Flash Crash vs day-trader reaction time

Discussion in 'Index Futures' started by ktomi, Sep 1, 2011.

  1. Mercor

    Mercor

    If you have a stop in th ES mini, it should not run it.

    There was the move in the morning that looking like a 15 point move in less then a minute. No one should have had their stops run past their price if they were on the DOM ladder
     
    #21     Sep 2, 2011
  2. ES STOPS are generally executed as a LIMIT order 3.00 points from your trigger price.

    So, if you are working an order to SELL 5 ES-U1 @ 1169.75 STOP, should your order be triggered the software will SELL 5 ES-U1 @ 1166.75, which will hopefully fill at 1169.75, your stop price.

    Therefore you should be concerned about anything greater than 3.00 points slippage, which would be extraordinary.

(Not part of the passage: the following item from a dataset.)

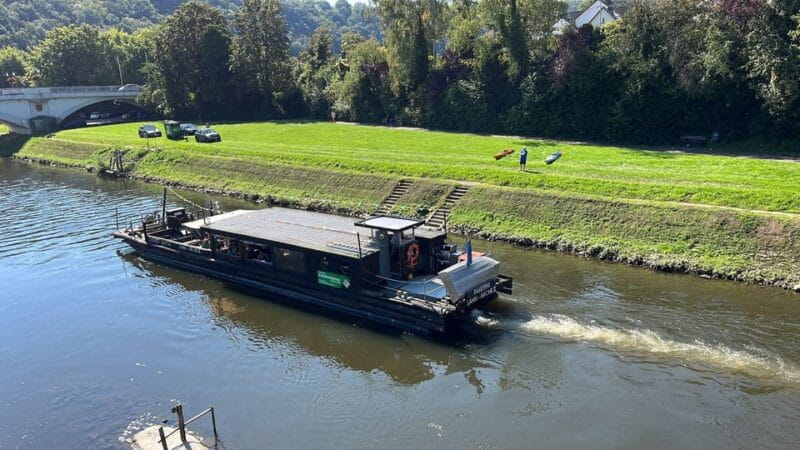 Stuttgart: Wine & Tapas Boat Tour on the Neckar - An Authentic Taste of Stuttgart on the Neckar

    Frankly, you're probably going to lose all your money.

    But good luck.

    -H
     
    #22     Sep 2, 2011
  3. Unnecessary??? You are wrong. Very wrong. If learning options to protect your hard earned money is too complicated you probably shouldn't be trading.

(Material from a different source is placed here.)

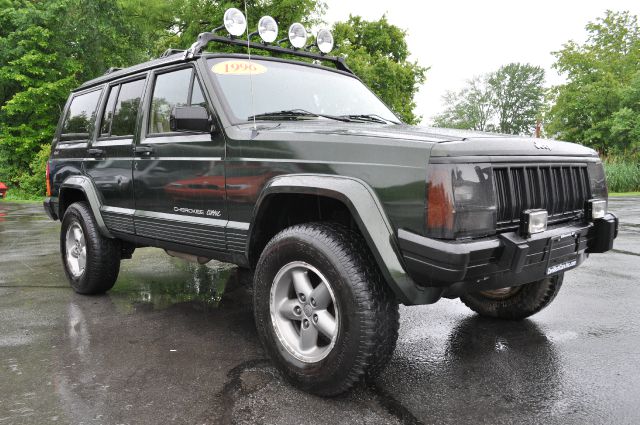 Jeep Cherokee 1996 photo 4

    Options will save your ass.

    You could buy a semi deep or deep OTM put on the cheap and trade without fear of a crash.

    On a side note. I was trading DNDN (long on their approval by FDA) that day and the b/a did not move at all when the crash happened. As if they just stopped trading.

    Few days later DNDN got approved made 140%. Wanted more but I'll take it.
     
    #23     Sep 2, 2011
  4. Nope. The only tool is lower leverage, especially with IB. Bid and ask goes bonkers on options too, so options will be worthless to a computer. Flash crash = auto-liquidation if you can't handle a 5% drop without stops and without OTM options.

    That said, if you use options to simply create a tool that will return money on a black swan event, that could be a valid reason for using options.
     
    #24     Sep 2, 2011
  5. The silver flash crash was the worst I've seen, where it traded down $5-$6 in under 15 minutes I believe. Anybody who was long basically couldn't get out. Not sure if it was somebody sweeping the market or what happened but it was ugly, that's $30k on a 1 lot. So in that case a stop depending on where in the queue it was and how far down would've wiped any small account out.
     
    #25     Sep 2, 2011
  6. Occam

    Occam

    Probably every "flash crash" in the past 30 years was caused by automated (or automatic, if not automated) positive autocorrelative "safety" strategies -- this includes the '87 crash (portfolio insurance), the May 2010 "flash crash" (market stop orders, after a cascade of other events triggered by a large-scale futures sale), and the silver "flash crash" (increased margin requirements causing cascading stop orders, automated or not).

    In all of these cases, you've got people (or the automated mechanisms they/their brokers put in place) trying to "save their money" all at once. The paradoxical result is a crash.

    Of course, most traders (not to mention many investors) won't want to hear this, because it means they shouldn't use so much leverage -- leverage so high that they feel forced to use market stops, portfolio insurance, etc.